I’m always early. To everything.
I get ready far sooner than I need to, resulting in sitting around for half an hour before I need to go out because I’m ready with time to spare. Seriously, there’s nothing to do with that remaining half hour. Because I have nothing to do I leave earlier than I need to, which results in sitting in my car for ten minutes. I never park close enough to things, so I guess it evens out by the fact that I have to walk further to venues than other people just because I don’t like stressful parking situations, which sometimes just involves someone seeing me trying to park which makes me nervous so I do something strange.
I don’t mind this punctuality; one of the worst feelings in the world is being rushed, so by being ready early it means if something goes wrong (my hair has been known to take more time than expected) I have the time to deal with it.
If there’s a meeting for ten, I expect it to start at ten.

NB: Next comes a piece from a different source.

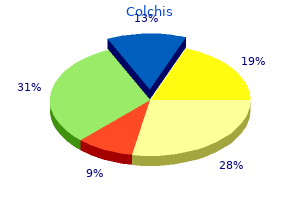 generic colchis 0.5 mg with mastercard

If it’s starting at 10:40 I wonder why they told me to arrive at ten. On the other hand, if I’m meeting a friend who’s ten minutes late I’m not going to get really annoyed. If they were forty minutes late, I would be annoyed. And left wondering if they care about me enough to spend time with me.
Because that’s what it comes down to for me: do you care for me and want to spend that time with me. If someone’s an hour late (without good reason), I’m left wondering why they didn’t want to show up earlier and if they respect the fact that I’ve been waiting for them. Being late isn’t just about the person that’s running late; it’s about the person who’s left waiting.

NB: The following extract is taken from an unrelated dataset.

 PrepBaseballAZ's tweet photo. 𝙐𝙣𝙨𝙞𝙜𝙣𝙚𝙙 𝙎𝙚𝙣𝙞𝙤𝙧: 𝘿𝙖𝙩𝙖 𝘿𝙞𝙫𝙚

I’m not trying to offend anyone; being late is pretty normal and accepted these days, and if you’re a bit late I’m not going to mind. It’s the thought behind it and whether or not someone’s time is respected and seen as worth it.
Being late? Do what you want. But make sure the person you’re late for knows you’re thankful for them and thankful that they waited for you.

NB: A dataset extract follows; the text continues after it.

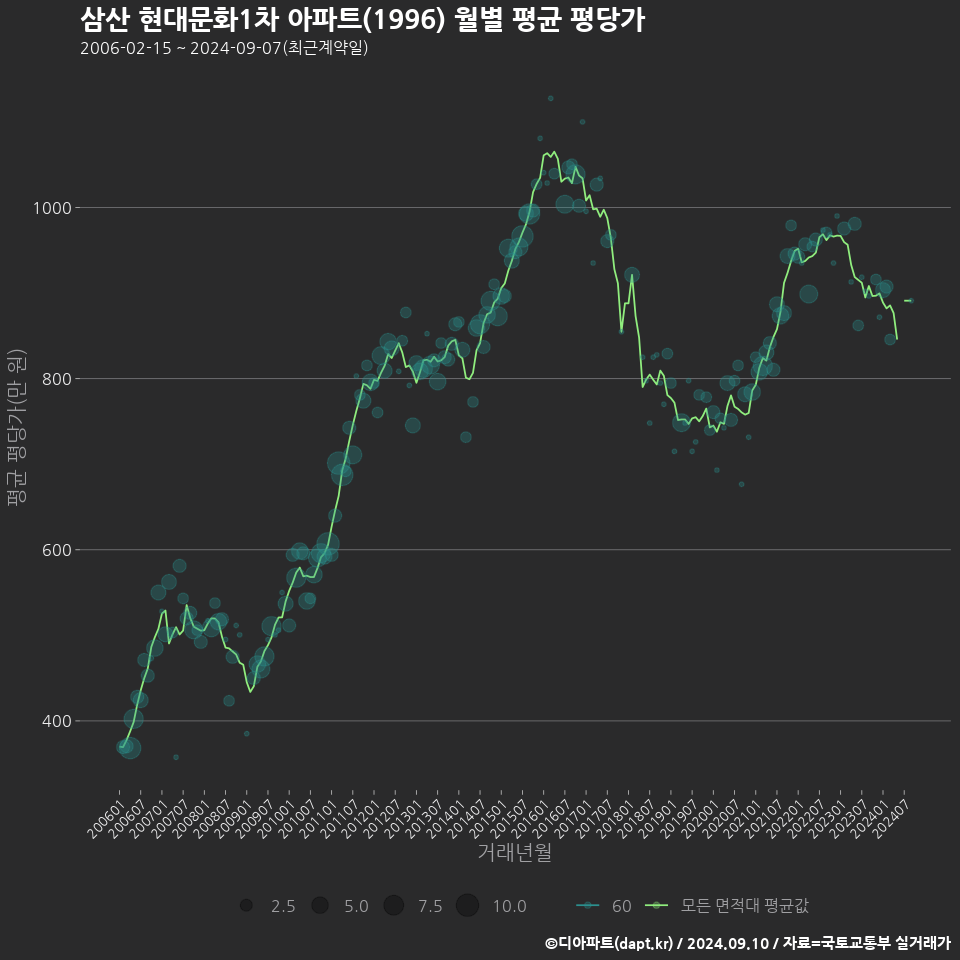 삼산 현대문화1차 아파트(1996) 월별 평균 평당가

Also, time doesn’t matter as much to others. Someone else might not mind if you’re an hour late. But to me it’s important. So I guess it’s also knowing your audience and relationship and knowing if it is important to them to try and be five minutes earlier rather than fifteen minutes later. Just because time is such a big thing for me, doesn’t mean it’s big for someone else. So again, I’m not trying to offend or throw shade at anyone. It’s simply what I’ve been thinking as I sit here with half an hour to spare because I’m ready to go out way earlier than need be.
On the plus side, because I decided to blog in my half hour before needing to leave the house, I’m now running late. Which, by my standards, means I’m precisely on time.